Posted: Sunday, February 1, 2009
By: David Retz (Expired article)Solvang, CA -
Monetary Policy efforts to "boost" the economy by lowering interest rates seem to have reached their limit, as the prime rate is now zero. The government's next-best thing - giving money away - also known as "fiscal policy" appears to be on the horizon.
The numbers bandied about ("trillion" seems to come to mind) make one wonder where the money actually comes from. There is only so much sitting in banks (run by the Federal Reserve System), and there are ways that the Federal Reserve has to increase the overall supply of money (such as selling bonds). This gets reflected in additional cash in Federal Reserve accounts, or as "real" cash as it is printed.
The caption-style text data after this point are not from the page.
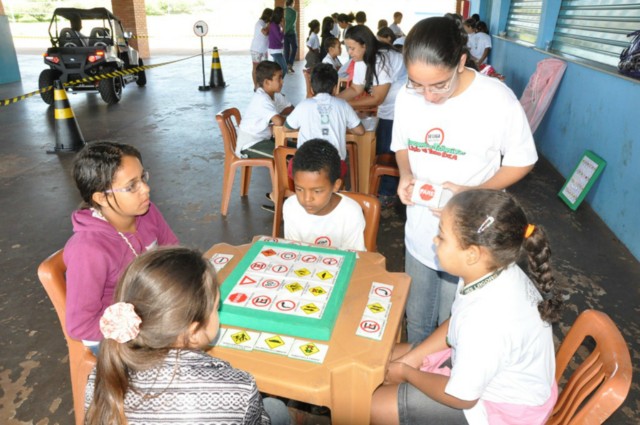 Alunos visitam “Cidade Escola de Trânsito”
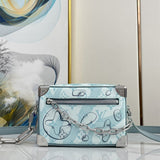 classic everyday bag detail view showing craftsmanship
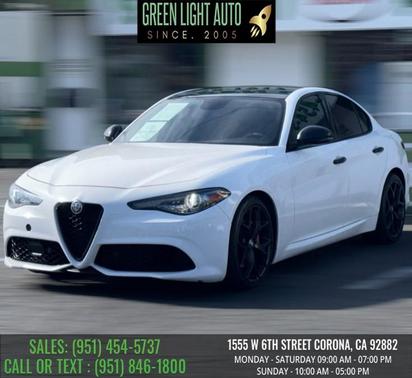 Alfa White 2019 Alfa Romeo Giulia Sport
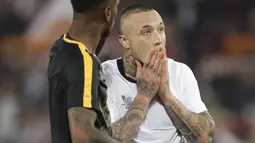 Radja Nainggolan menutup wajah usai laga semifinal Liga Champions di Olympic Stadium,(2/4/2018). Nainggolan gagal membawa Roma ke final setelah kalah agregat dari Liverpool 6-7. (AP/Andrew Medichini)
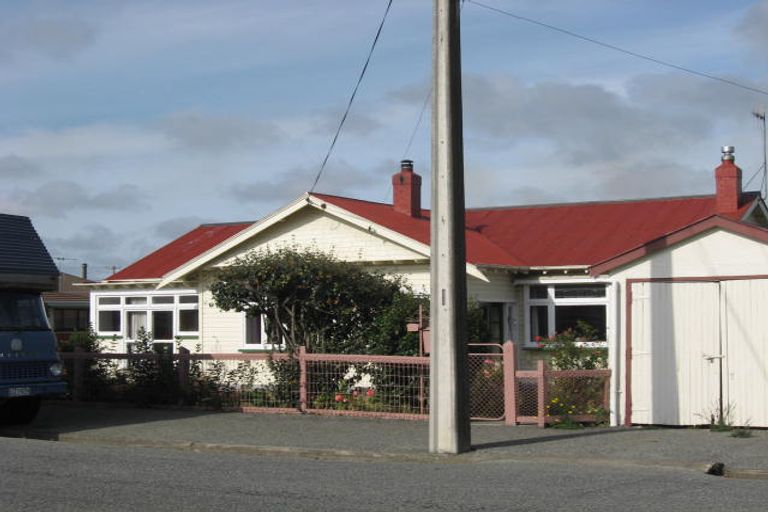 Photo of property in 1 Innes Street, Waimate, 7924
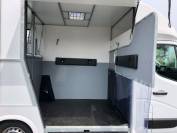 Kleine paardenvrachtwagen (B rijbewijs) AP Petit Renault Master AP PETIT 2022 Tweedehands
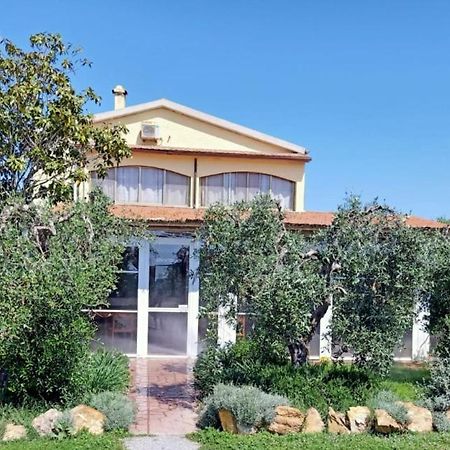 Agriturismo Il Portico カパルビオ エクステリア 写真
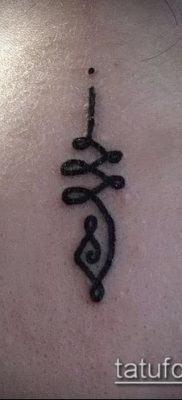 фото тату Уналоме (tattoo Unalome) (значение) — пример рисунка — 011 tatufoto.com
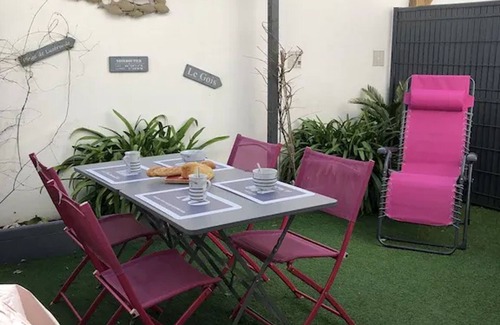 Noirmoutier-en-l'Ile Apartment | Cozy Studio Near Lutins Beach – Private Terrace, Parking & Pet-Friendly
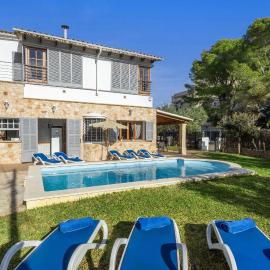 Villa Pinto, hotel in Port d'Alcudia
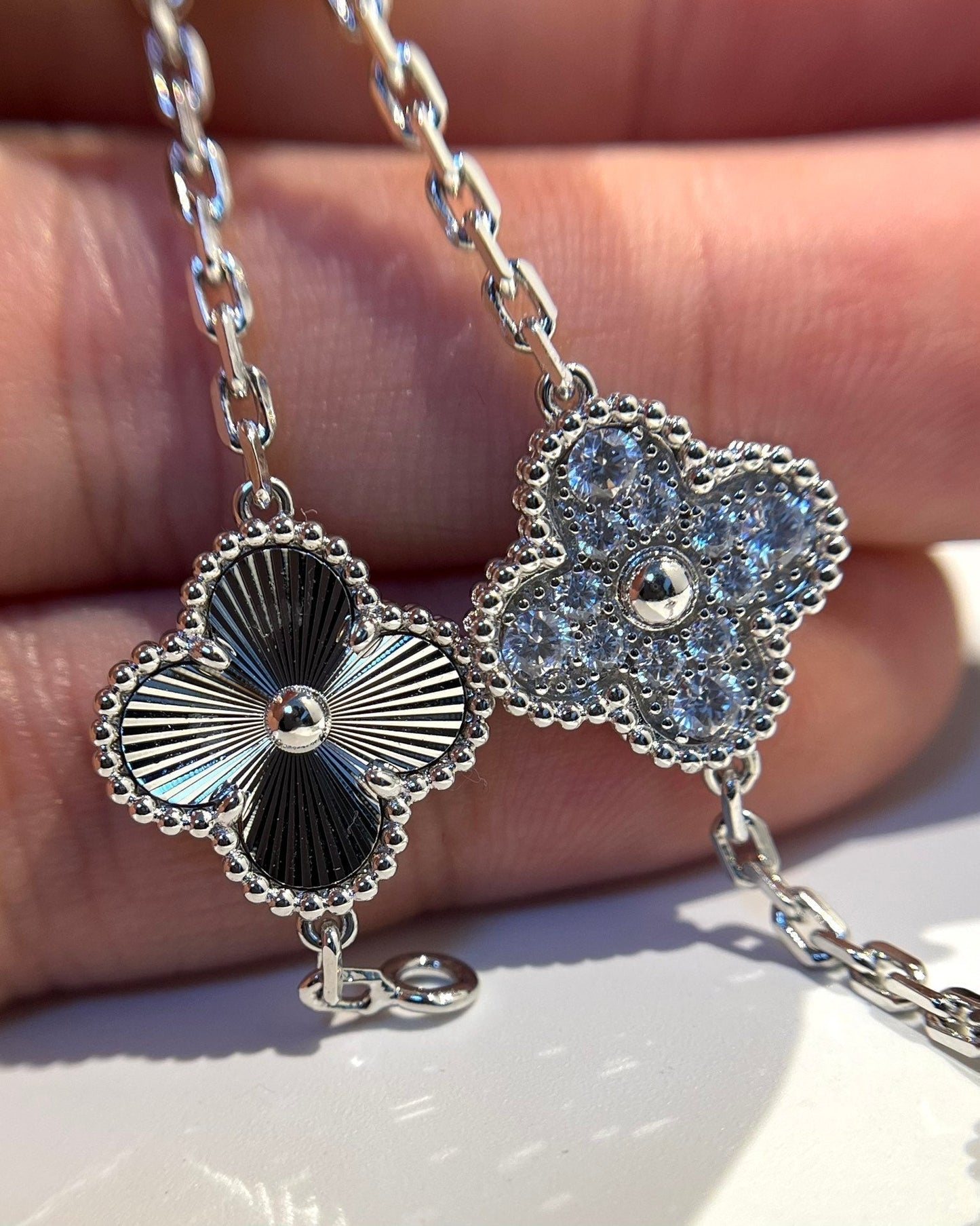 [ECHO ]CLOVER 5 MOTIF SILVER DIAMOND BRACELET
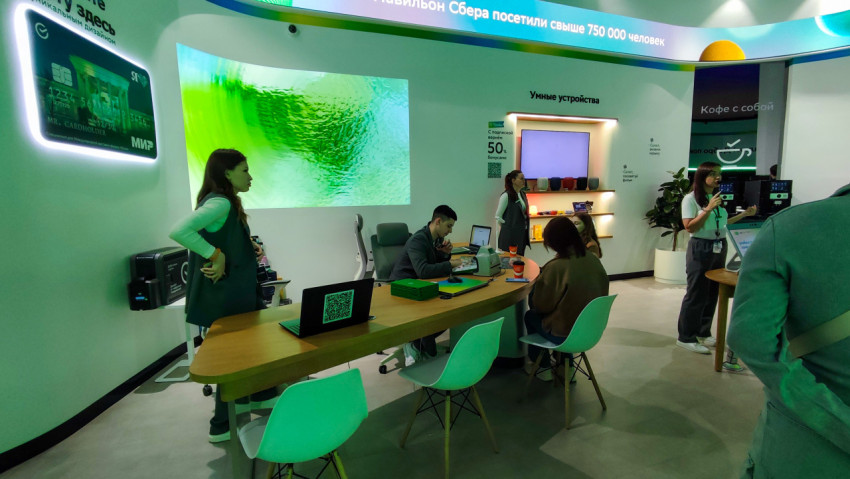 Консультационная зона павильона Сбера с посетителями
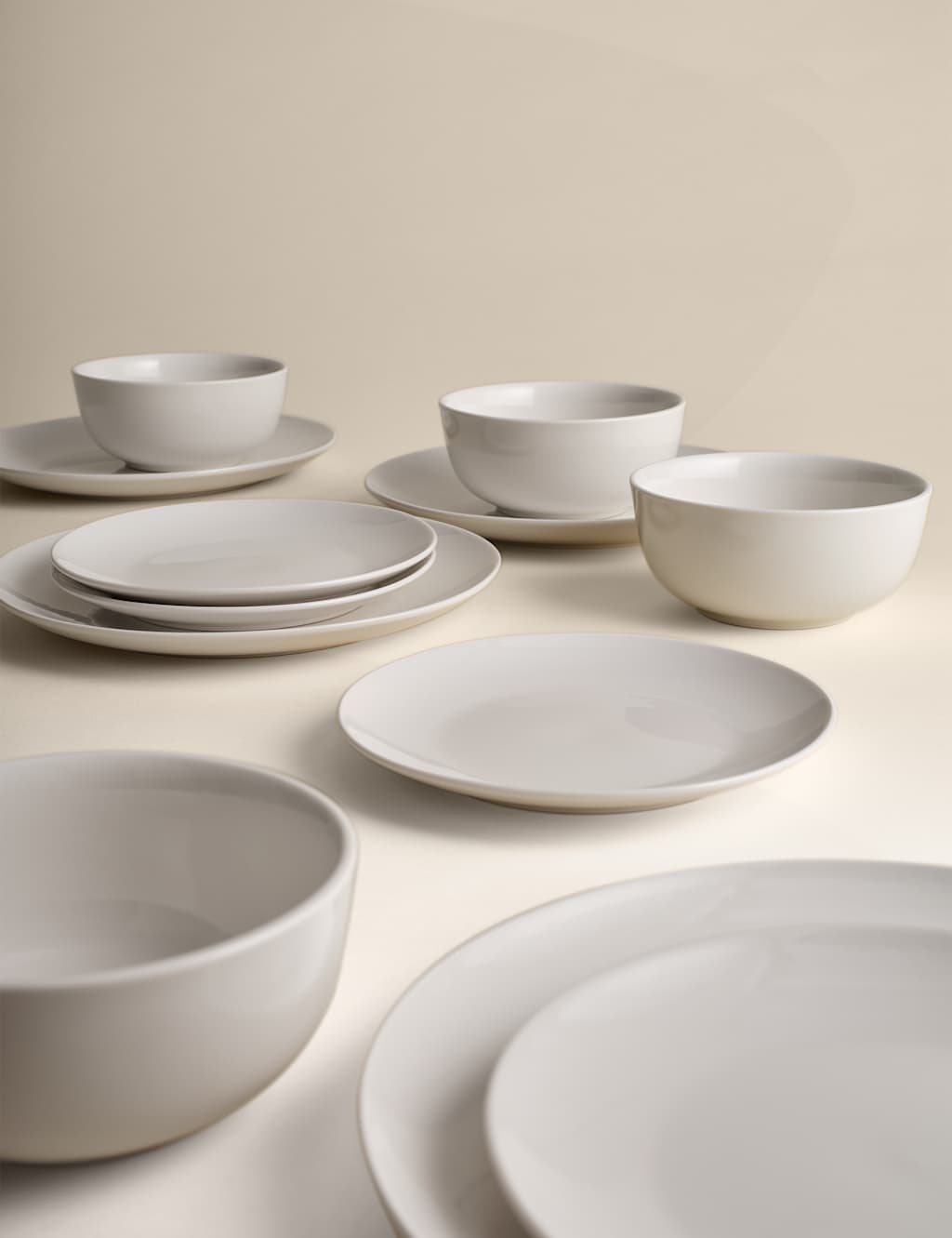 12 Piece Porcelain Dinner Set 6 of 6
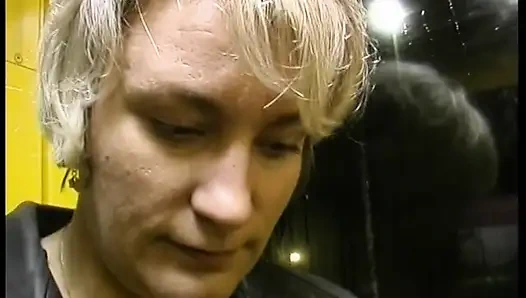 Pov - nyepong kontol di metro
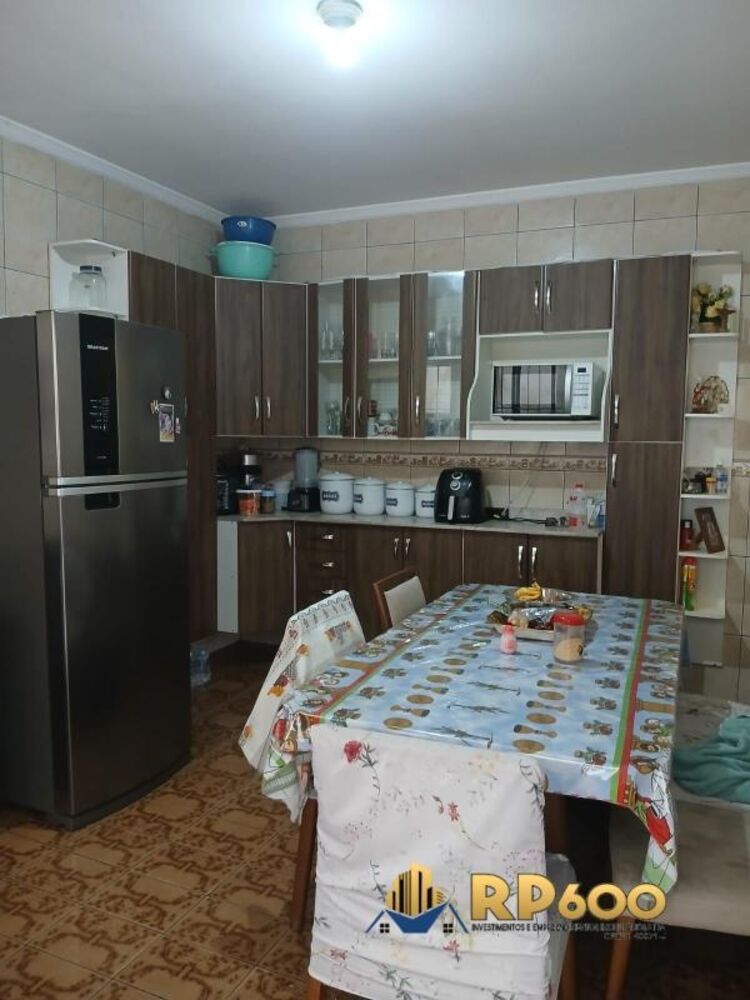 Sobrado à venda com 3 quartos, 218m² - Foto 5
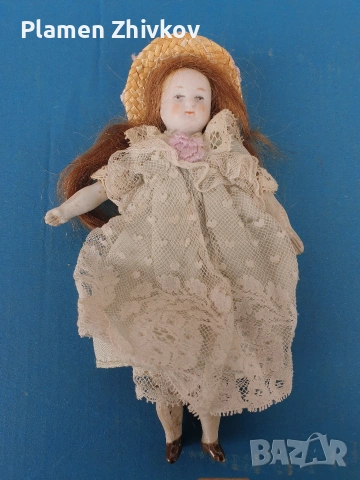 Стара кукла произведена в Германия 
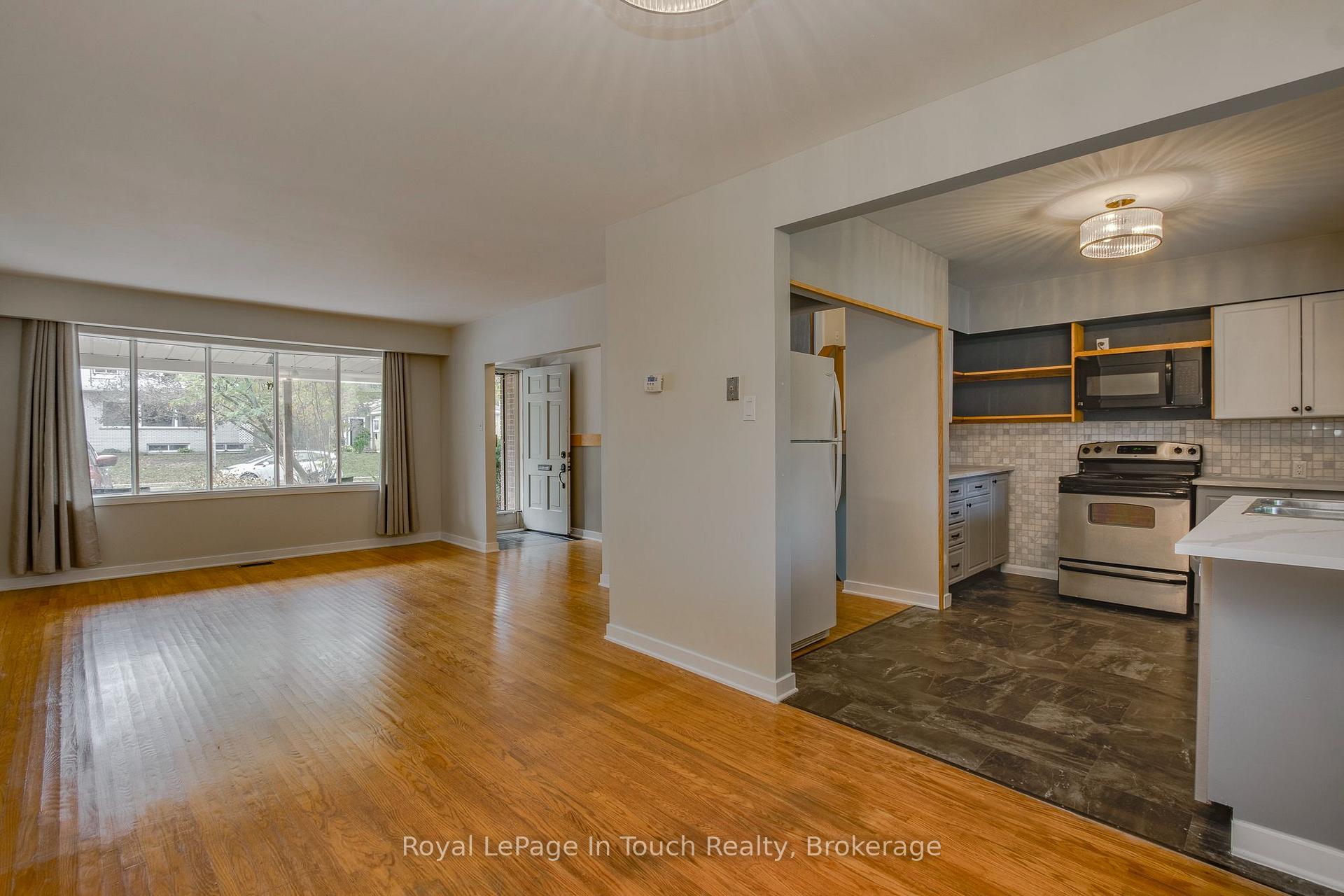 Photo 7 of 255 Eighth Street, Midland — HOMEH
The term "M1" is a measure of money supply (cash and banking deposits), as published by the Federal Reserve Board on a weekly basis. It has remained about the same until about September of 2008, at which point it started to significantly increase, with a total increase of $274 billion since January of 2008 (+20%).
As more and more dollars chase the same level (or fewer) goods and services, it looks inevitable that we face the possibility of long-term inflation. The "Critical Commodities" listed above this article are the prices of Gold, the Euro, and a barrel of Crude Oil - each of which can be used as a yard-stick or "standard" for the value of the dollar. As any of these numbers rise, this can be an indicator of devaluation of the dollar (i.e., inflated dollar) and a harbinger of increased prices for other goods and services that may be related.
If it's any warning, the value of Gold has broken above the $900 level in the past week (2/1/2009). (Note: the above values are obtained every few minutes from the New York Mercantile Exchange (NYMEX) and from Yahoo Finance.)